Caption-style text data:
===============

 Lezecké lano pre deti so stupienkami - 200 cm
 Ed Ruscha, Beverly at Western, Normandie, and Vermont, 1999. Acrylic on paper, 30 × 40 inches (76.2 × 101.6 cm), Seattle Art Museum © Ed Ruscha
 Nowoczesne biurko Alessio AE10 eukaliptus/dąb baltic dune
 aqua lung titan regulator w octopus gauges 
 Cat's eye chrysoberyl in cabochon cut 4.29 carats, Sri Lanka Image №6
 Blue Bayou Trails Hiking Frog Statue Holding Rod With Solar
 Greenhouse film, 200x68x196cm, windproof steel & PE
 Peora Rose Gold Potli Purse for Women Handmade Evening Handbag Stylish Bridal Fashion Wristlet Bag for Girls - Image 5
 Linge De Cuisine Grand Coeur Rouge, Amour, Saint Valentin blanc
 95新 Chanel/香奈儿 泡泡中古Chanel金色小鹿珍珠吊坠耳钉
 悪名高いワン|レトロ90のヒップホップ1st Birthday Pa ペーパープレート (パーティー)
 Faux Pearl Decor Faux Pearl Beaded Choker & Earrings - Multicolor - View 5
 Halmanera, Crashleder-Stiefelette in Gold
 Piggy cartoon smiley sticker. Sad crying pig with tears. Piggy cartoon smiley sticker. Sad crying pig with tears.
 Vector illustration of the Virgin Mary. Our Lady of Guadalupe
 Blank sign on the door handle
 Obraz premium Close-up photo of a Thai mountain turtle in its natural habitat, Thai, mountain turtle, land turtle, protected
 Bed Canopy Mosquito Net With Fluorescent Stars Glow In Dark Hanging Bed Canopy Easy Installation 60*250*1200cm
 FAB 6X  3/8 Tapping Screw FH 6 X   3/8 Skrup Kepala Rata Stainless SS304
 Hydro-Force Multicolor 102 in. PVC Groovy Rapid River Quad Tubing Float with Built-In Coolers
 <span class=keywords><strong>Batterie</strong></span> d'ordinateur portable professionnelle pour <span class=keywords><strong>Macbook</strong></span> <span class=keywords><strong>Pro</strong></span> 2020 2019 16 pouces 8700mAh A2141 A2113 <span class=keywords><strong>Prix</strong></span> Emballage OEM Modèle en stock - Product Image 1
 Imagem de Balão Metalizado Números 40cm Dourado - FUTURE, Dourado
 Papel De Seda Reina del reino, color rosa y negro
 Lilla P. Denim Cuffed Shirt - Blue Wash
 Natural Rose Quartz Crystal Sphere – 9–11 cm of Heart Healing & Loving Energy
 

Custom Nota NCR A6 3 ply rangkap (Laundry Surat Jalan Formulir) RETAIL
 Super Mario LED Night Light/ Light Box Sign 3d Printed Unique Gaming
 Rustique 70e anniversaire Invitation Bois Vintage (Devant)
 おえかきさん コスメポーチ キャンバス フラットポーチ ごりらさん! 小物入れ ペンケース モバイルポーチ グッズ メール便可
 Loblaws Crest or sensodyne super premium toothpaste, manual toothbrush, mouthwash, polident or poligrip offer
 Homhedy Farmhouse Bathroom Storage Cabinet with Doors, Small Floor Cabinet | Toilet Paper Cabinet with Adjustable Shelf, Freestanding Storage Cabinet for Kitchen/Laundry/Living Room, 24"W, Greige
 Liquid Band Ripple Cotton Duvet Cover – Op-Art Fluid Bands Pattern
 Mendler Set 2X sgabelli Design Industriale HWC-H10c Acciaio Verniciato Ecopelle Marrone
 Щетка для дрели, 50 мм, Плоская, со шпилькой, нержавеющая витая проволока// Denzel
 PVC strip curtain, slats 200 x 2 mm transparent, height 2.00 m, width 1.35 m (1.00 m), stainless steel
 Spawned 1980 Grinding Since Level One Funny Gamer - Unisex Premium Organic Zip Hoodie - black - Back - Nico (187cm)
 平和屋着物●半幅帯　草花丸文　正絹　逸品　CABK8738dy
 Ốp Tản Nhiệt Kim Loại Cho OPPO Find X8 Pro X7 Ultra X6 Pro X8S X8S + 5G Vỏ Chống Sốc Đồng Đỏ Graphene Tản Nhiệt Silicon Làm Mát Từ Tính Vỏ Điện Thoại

===============

• **Problem to work on**: Begin at the line above that has "PVC strip curtain, slats" and stop after the line that has "平和屋着物●半幅帯　草花丸文　正絹　逸品　CABK8738dy", copying each line exactly and adding nothing else.

• **Exercise answer**:
 PVC strip curtain, slats 200 x 2 mm transparent, height 2.00 m, width 1.35 m (1.00 m), stainless steel
 Spawned 1980 Grinding Since Level One Funny Gamer - Unisex Premium Organic Zip Hoodie - black - Back - Nico (187cm)
 平和屋着物●半幅帯　草花丸文　正絹　逸品　CABK8738dy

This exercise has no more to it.